**ASSIGNMENT**. Would you please return only the lines from the one with "Used 2015 Toyota RAV4 XLE image 1" through the last line of the records below, leaving the pictures out?

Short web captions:
------------------------------------------------------------
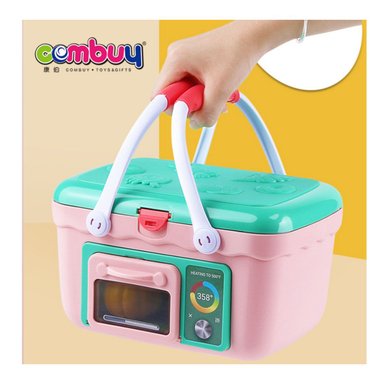 SET COCINA PICNIC REALISTA CON EFECTOS 30 PIEZAS JUGUETE - 5
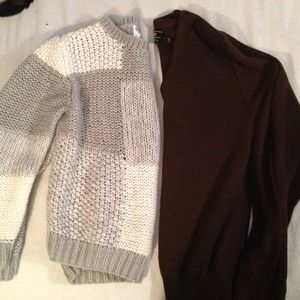 Vintage sweater bundle.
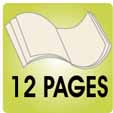 Brochure 12 pages dos pique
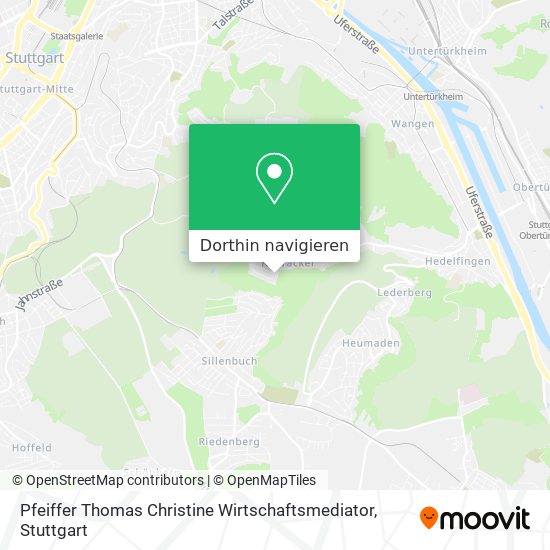 Pfeiffer Thomas Christine Wirtschaftsmediator Karte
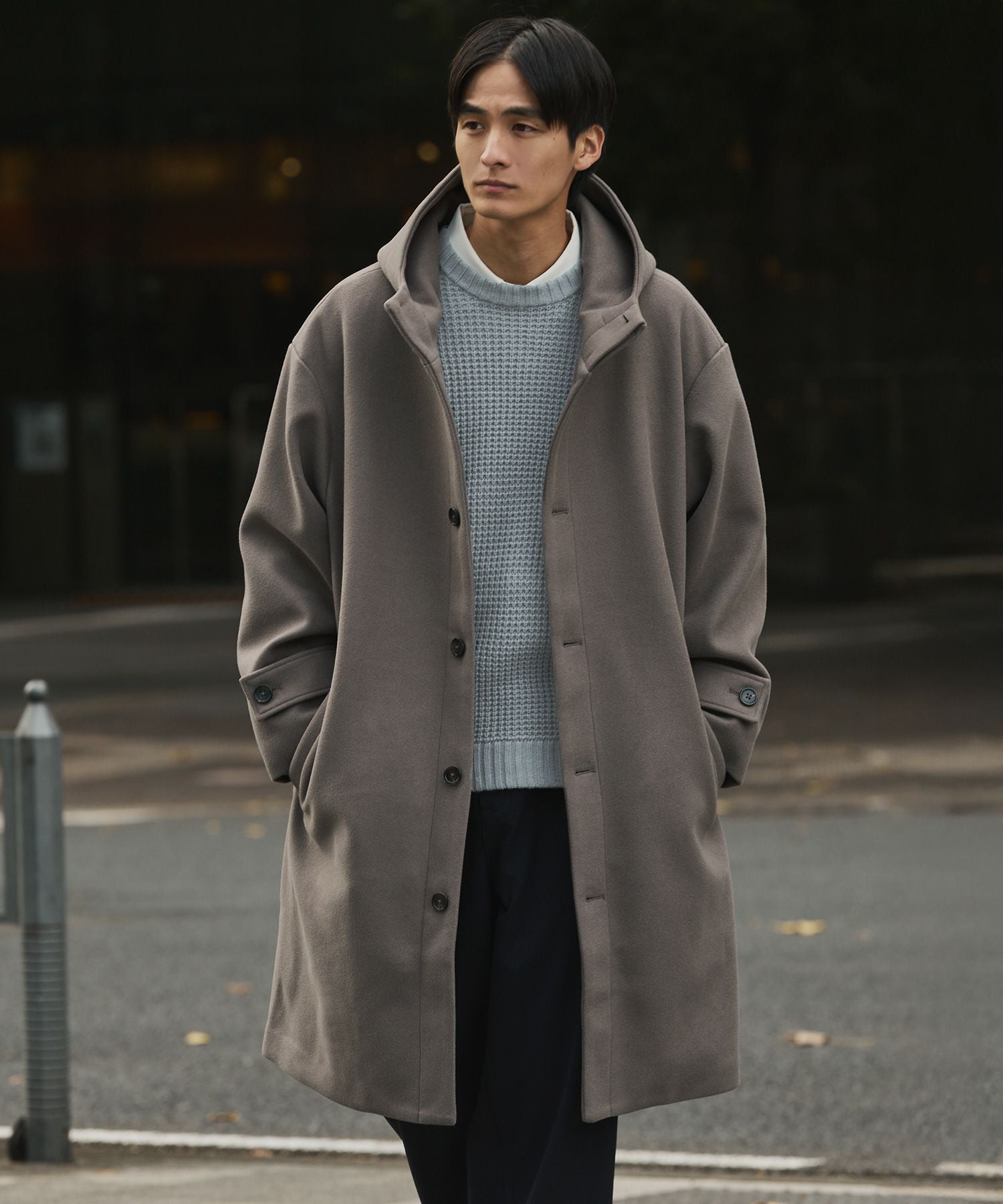 メルトンフーデッドコート | 【公式】SPU スプ公式通販｜メンズ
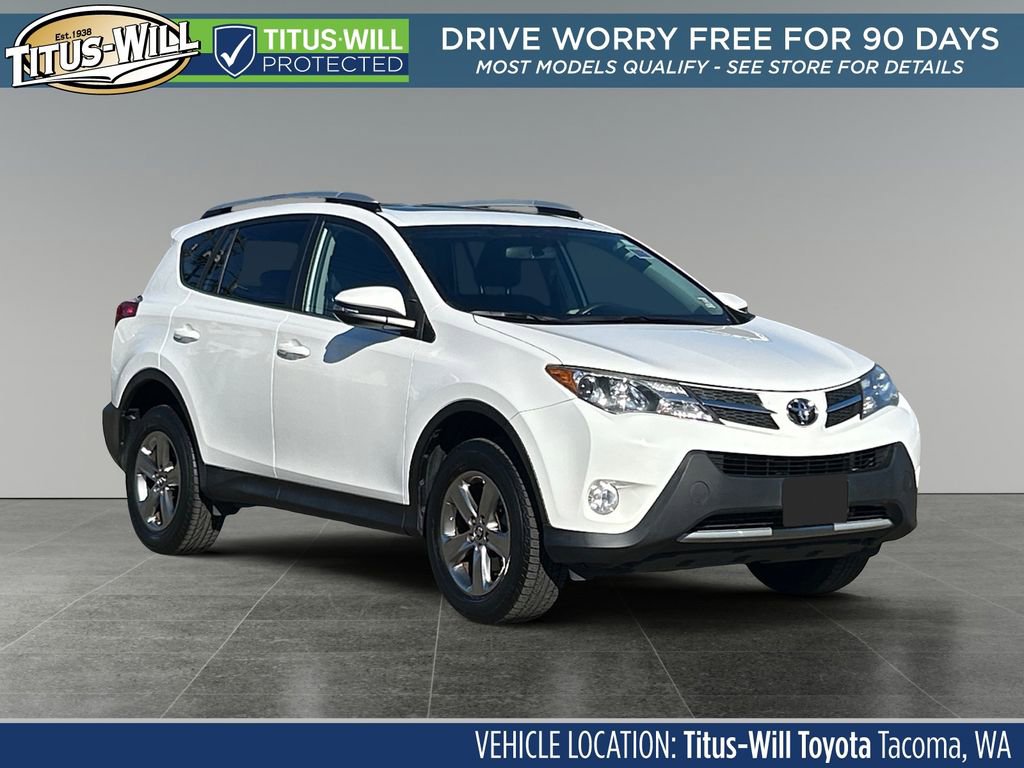 Used 2015 Toyota RAV4 XLE image 1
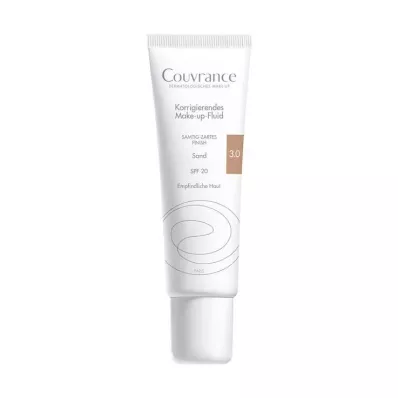 AVENE Couvrance correctie make-up vloeistof zand 3.0, 30 ml AVENE Couvrance correctie make-up vloeistof zand 3.0, 30 ml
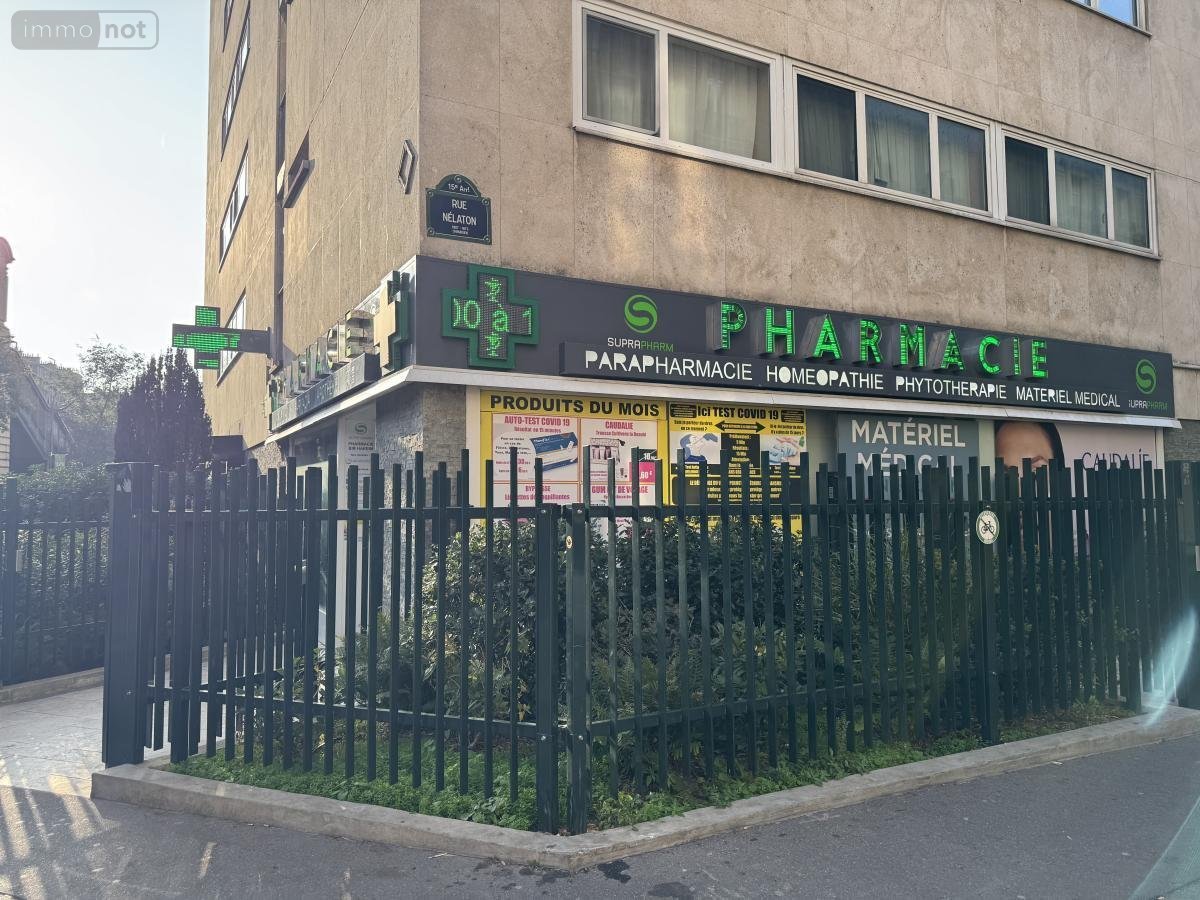 Fonds et murs commerciaux a vendre Paris 15e arrondissement 75015 Paris 121 m2  830400 euros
------------------------------------------------------------
**FINISHED EXERCISE**.
 Used 2015 Toyota RAV4 XLE image 1
 AVENE Couvrance correctie make-up vloeistof zand 3.0, 30 ml AVENE Couvrance correctie make-up vloeistof zand 3.0, 30 ml
 Fonds et murs commerciaux a vendre Paris 15e arrondissement 75015 Paris 121 m2  830400 euros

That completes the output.